[Short descriptive text snippets]
···
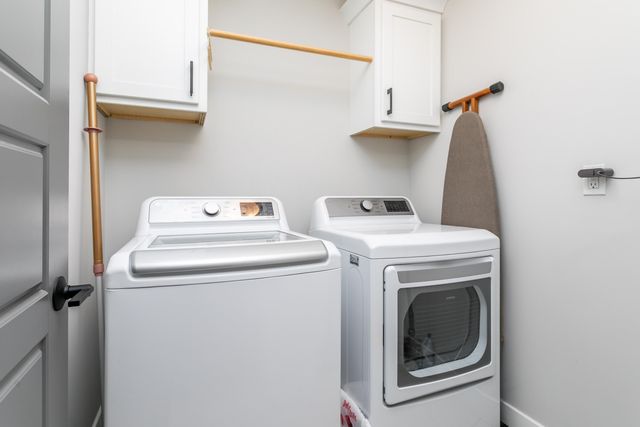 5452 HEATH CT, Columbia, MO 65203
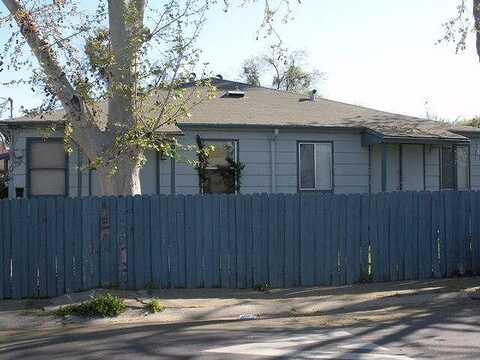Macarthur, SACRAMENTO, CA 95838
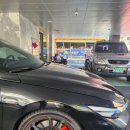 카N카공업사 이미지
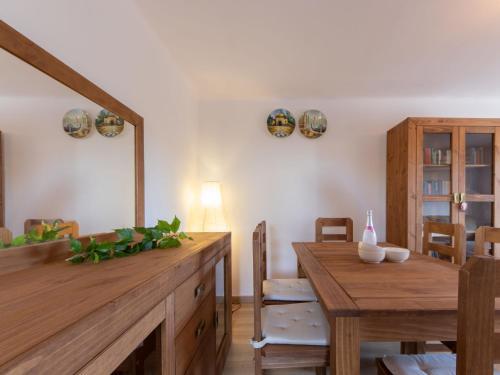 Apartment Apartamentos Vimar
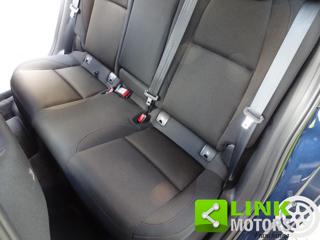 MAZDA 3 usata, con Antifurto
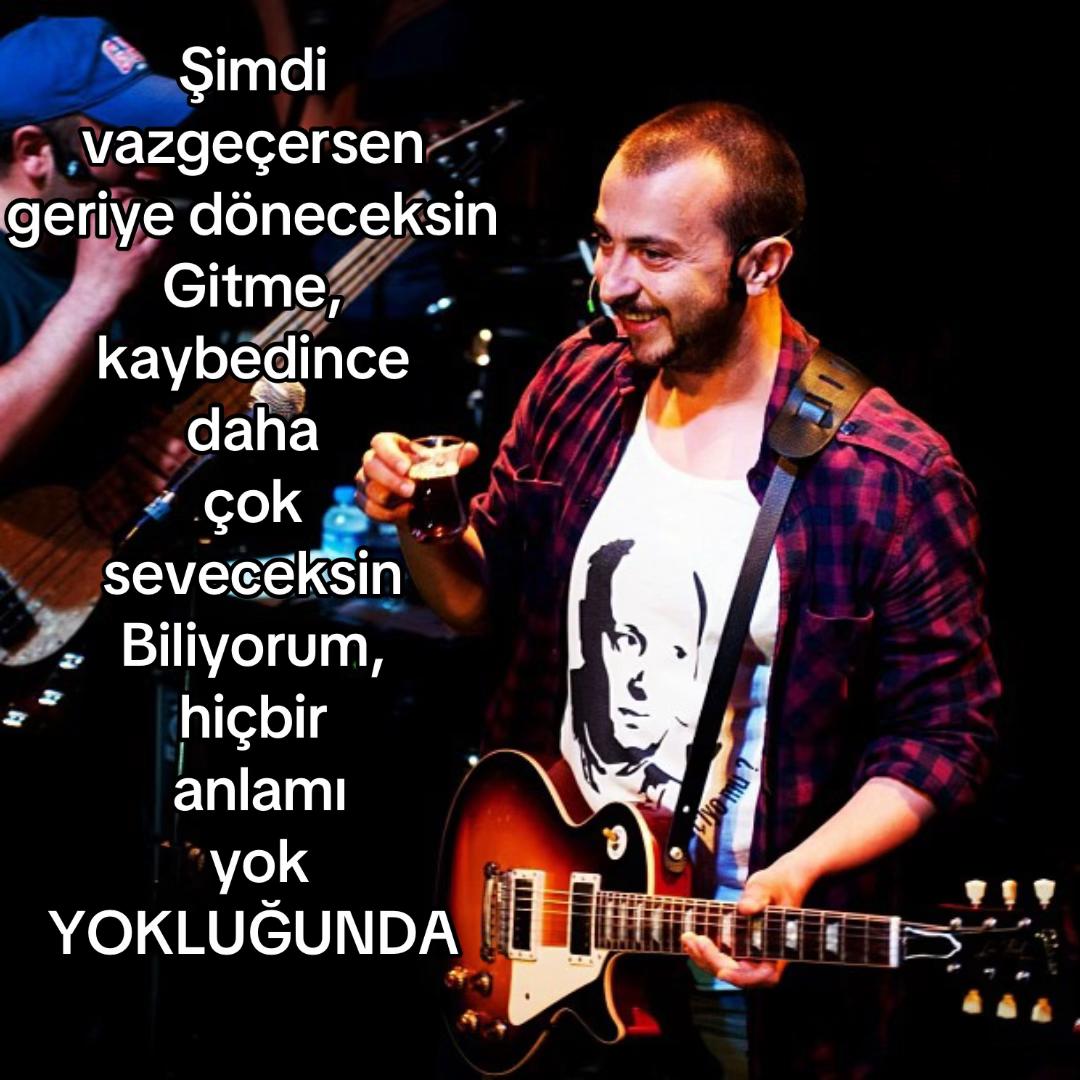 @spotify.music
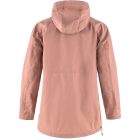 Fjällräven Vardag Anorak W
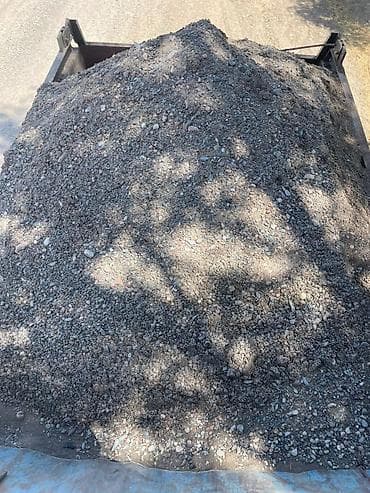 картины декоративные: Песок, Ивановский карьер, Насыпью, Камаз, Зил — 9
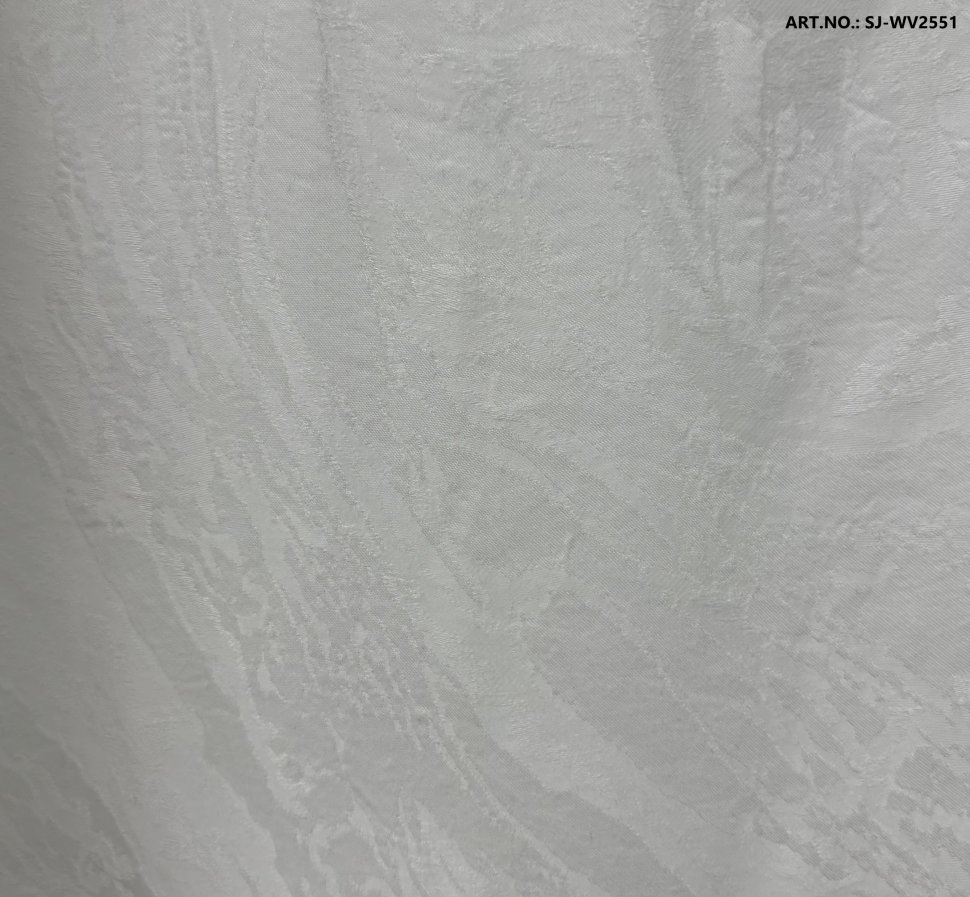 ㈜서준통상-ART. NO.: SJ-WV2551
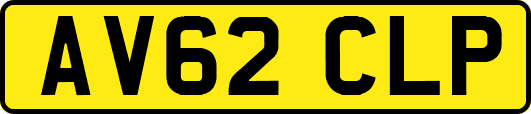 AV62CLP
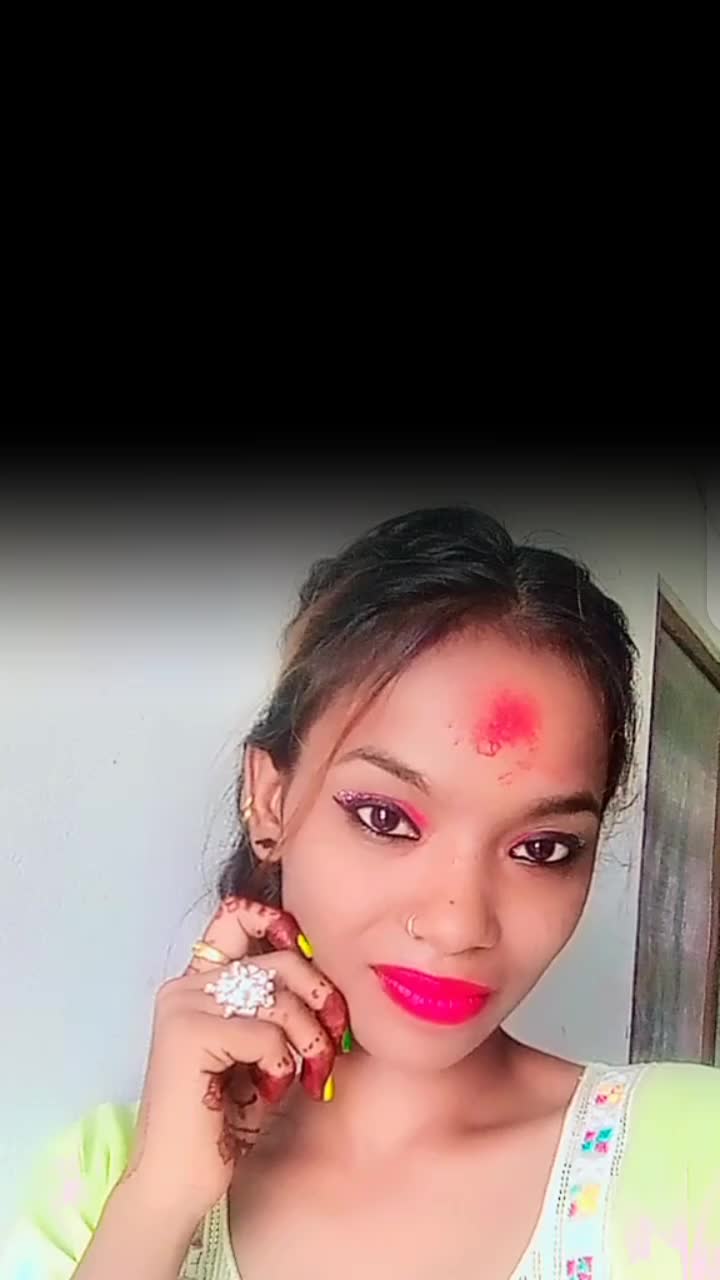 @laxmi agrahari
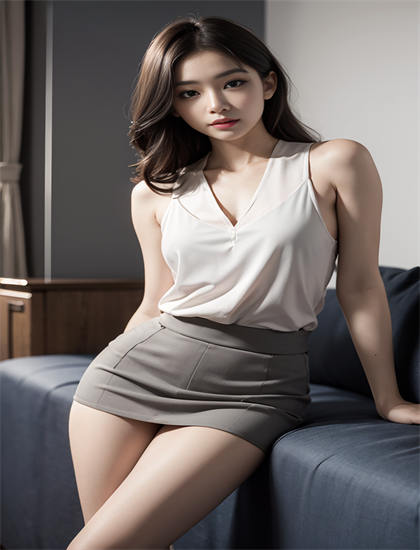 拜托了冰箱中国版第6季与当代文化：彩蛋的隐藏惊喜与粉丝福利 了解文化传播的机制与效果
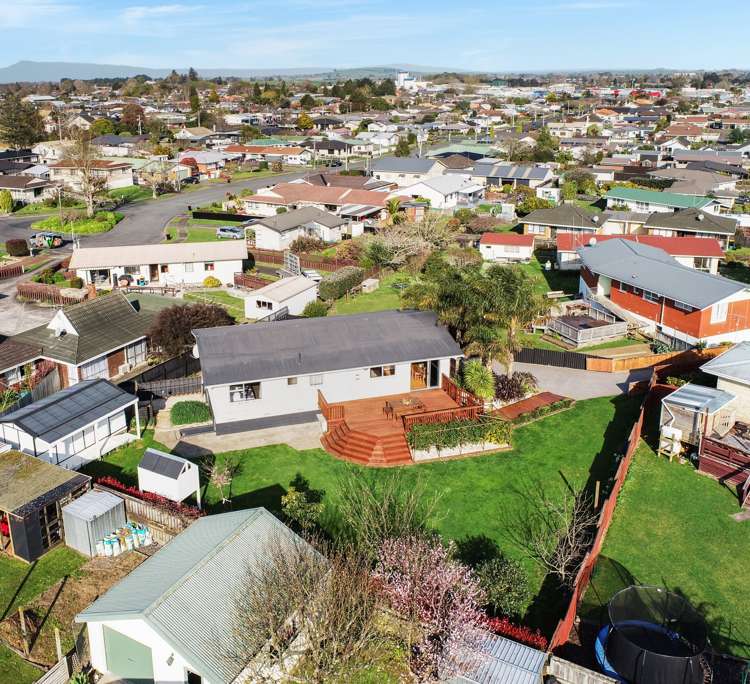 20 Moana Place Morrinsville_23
···
Since the pictures are not wanted, copy only the text of the records above, exactly.

### Finished task
 5452 HEATH CT, Columbia, MO 65203
Macarthur, SACRAMENTO, CA 95838
 카N카공업사 이미지
 Apartment Apartamentos Vimar
 MAZDA 3 usata, con Antifurto
 @spotify.music
 Fjällräven Vardag Anorak W
 картины декоративные: Песок, Ивановский карьер, Насыпью, Камаз, Зил — 9
 ㈜서준통상-ART. NO.: SJ-WV2551
 AV62CLP
 @laxmi agrahari
 拜托了冰箱中国版第6季与当代文化：彩蛋的隐藏惊喜与粉丝福利 了解文化传播的机制与效果
 20 Moana Place Morrinsville_23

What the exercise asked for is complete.